◆ Activity:
In the entries below, find every line holding the string "table" and collect it.

◆ Provided data:
──────────────────────────────
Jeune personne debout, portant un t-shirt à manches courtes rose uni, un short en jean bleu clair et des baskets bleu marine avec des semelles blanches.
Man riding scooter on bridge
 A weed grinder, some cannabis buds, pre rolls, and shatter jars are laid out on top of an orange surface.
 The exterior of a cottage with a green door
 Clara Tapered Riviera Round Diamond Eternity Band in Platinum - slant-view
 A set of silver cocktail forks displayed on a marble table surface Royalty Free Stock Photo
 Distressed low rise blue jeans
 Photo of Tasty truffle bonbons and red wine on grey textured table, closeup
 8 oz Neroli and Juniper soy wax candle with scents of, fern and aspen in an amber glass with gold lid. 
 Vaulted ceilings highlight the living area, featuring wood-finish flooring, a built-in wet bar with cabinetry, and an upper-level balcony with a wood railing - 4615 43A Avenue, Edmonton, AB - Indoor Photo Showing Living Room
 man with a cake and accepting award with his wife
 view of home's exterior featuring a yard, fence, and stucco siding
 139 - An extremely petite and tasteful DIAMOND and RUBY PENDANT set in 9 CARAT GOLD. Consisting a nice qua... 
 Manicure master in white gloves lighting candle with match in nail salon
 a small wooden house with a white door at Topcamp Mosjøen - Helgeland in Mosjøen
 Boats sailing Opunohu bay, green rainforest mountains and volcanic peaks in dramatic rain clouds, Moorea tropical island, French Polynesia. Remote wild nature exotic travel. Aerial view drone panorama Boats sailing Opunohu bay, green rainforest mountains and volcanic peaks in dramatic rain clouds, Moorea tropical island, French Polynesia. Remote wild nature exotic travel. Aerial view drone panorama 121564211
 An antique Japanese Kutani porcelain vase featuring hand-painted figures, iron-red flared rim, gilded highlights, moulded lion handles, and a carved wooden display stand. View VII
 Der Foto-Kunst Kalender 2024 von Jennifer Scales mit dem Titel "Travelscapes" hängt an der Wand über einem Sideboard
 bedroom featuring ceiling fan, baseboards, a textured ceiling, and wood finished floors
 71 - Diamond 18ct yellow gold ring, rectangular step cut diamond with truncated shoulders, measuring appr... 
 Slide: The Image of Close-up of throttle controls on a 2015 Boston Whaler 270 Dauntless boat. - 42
──────────────────────────────
◆ The completed task:
 A set of silver cocktail forks displayed on a marble table surface Royalty Free Stock Photo
 Photo of Tasty truffle bonbons and red wine on grey textured table, closeup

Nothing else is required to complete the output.